Star Entertainment announced late on Friday (March 22) that group CEO and managing director Robbie Cooke had fallen on his sword after the NSW Independent Casino Commission (NICC) lost confidence in his suitability.

“Whilst I find the [regulator’s] position exceptionally disappointing, I have reached the conclusion that my continuation in the Group CEO role is not going to be conducive to the NICC determining to find The Star capable of becoming suitable to hold a casino licence in NSW,” Cooke said in a company filing to the Australian Securities Exchange (ASX).

“In these circumstances a change in leadership provides the best opportunity for the business to navigate the regulatory pressure it is facing,” he said.

Star Entertainment is only months away from learning if it will continue operations in Sydney or lose its casino licence, with a new inquiry into Star’s reform period likely to guide the regulator in its final decision.

The inquiry is headed by barrister Adam Bell, who presided over the earlier, devastating probe into the company’s practices, directors and staff.
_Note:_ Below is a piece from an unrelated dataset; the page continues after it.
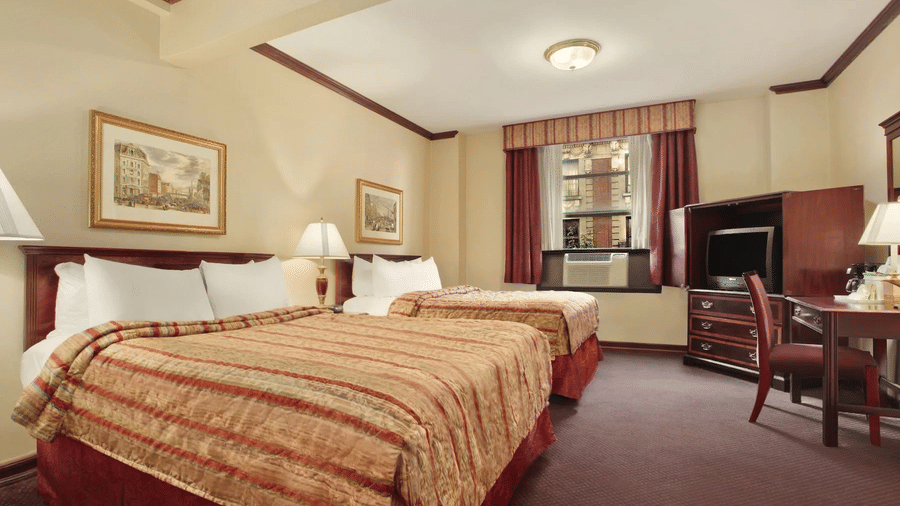 Spacious room with two beds, a work desk and modern artwork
Bell previously served as counsel assisting for the equally damaging Crown Resorts probe in NSW.

Cooke told Star staff in a note cited by the Sydney Morning Herald that NICC chief commissioner Philip Crawford “had issues” with Cooke’s retention of some executives, despite them not being on the “executive committee at the time the offending conduct identified in the original Bell inquiry occurred”.
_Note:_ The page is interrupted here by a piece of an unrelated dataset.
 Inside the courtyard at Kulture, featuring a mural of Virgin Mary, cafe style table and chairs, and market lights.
“Secondly, it also seems that the Chief Commissioner did not consider I was moving with sufficient speed with the reforms and changes being implemented at The Star — a view with which I respectfully and fundamentally disagree,” Cooke added.

Star Entertainment chairman and non-executive director David Foster has replaced Cooke ahead of a replacement CEO, while Cooke will remain a consultant for six months to aid the transition, the filing said.

Another casualty of Star Entertainment management is CFO Christina Katsibouba, who “decided the time is right to move on”, Foster said in a second ASX filing on Friday. Her interim replacement from Monday (March 25) is former Tatts Group CFO Neale O’Connell.

Other departures in a fortnight of staff bloodletting are chief of staff Peter Jenkins, who also resigned on Friday, and chief customer and product officer George Hughes, who quit two weeks ago.

Still reeling from its latest C-suite fallout, Star has been informed that the NICC has reversed its decision to hold the second Bell inquiry behind closed doors.

That decision will dismay witnesses called by the inquiry, given the relentless and adversarial lines of questioning in the previous inquiry and resulting public damage to reputations of former Star directors and executives.

“The Star has today been advised by NICC that Mr Bell … has formed the view it is in the public interest for the inquiry hearings to be held primarily in public,” Star said in a Monday ASX filing.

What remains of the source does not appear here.